Certes, mais "François n'a proposĂ© aucune mesure spĂ©cifique", relĂšve le vaticaniste amĂ©ricain John Allen, notant qu'il ne prononce pas une seule fois le mot "Ă©vĂȘque".
"Dans cette grande mer de l'opinion publique, l'idée commence à avancer que les mea culpa, les déclarations et les rencontres avec les victimes ne suffisent plus", estime Marco Politi, un expert italien du Vatican.
"Il revient Ă  François d'agir maintenant en lĂ©gislateur suprĂȘme", en modifiant le droit canon qui rĂ©git l'Eglise, suggĂšre-t-il. Dans ce domaine, il y a dĂ©jĂ  "des exemples vertueux", dans les Ă©piscopats des Etats-Unis, de la Grande-Bretagne ou de l'Allemagne. "Le pape pourrait obliger les confĂ©rences Ă©piscopales Ă  envoyer aux autoritĂ©s judiciaires les signalements d'abus reçus", dit Ă  l'AFP Emiliano Fittipaldi, auteur de plusieurs livres d'enquĂȘte critiques sur l'Eglise, considĂ©rant lui aussi que "les excuses ne suffisent plus".

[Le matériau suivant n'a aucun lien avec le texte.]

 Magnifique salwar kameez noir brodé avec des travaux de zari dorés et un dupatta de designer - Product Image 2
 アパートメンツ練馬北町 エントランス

"Nous ne voulons pas de procĂšs au sein du Vatican !", confie pour sa part Francesco Zanardi, Ă  la tĂȘte d'une association italienne de victimes.
D'aprĂšs le blog vaticaniste "Il Sismografo", le pape pourrait trĂšs prochainement faire publier un document de procĂ©dures trĂšs spĂ©cifiques Ă  l'intention des Ă©vĂȘques. Le Vatican ne confirme cependant pas cette information.

A l'actif du pape François, l'introduction en 2016 dans le droit canon de la rĂ©vocation d'Ă©vĂȘques en cas de "nĂ©gligence" dans des signalements d'actes de pĂ©dophilie.
Mais l'obligation de dĂ©nonciation Ă  la justice civile par la hiĂ©rarchie n'est effectivement pas inscrite dans le droit de l'Eglise. En dehors des cas oĂč la loi du pays l'impose, certains Ă©piscopats ne veulent pas en entendre parler.

L'Ă©crivaine franco-canadienne Nancy Huston a pour sa part demandĂ© au souverain pontife de mettre fin au cĂ©libat des prĂȘtres et de reconnaĂźtre l'importance de la sexualitĂ© dans l'Ă©quilibre des ĂȘtres humains, via une tribune parue cette semaine dans Le Monde. Le Vatican ne semble toutefois pas y ĂȘtre encore prĂȘt, mĂȘme si le pape François avait assurĂ© en 2014 que le cĂ©libat des prĂȘtres n'Ă©tait "pas un dogme".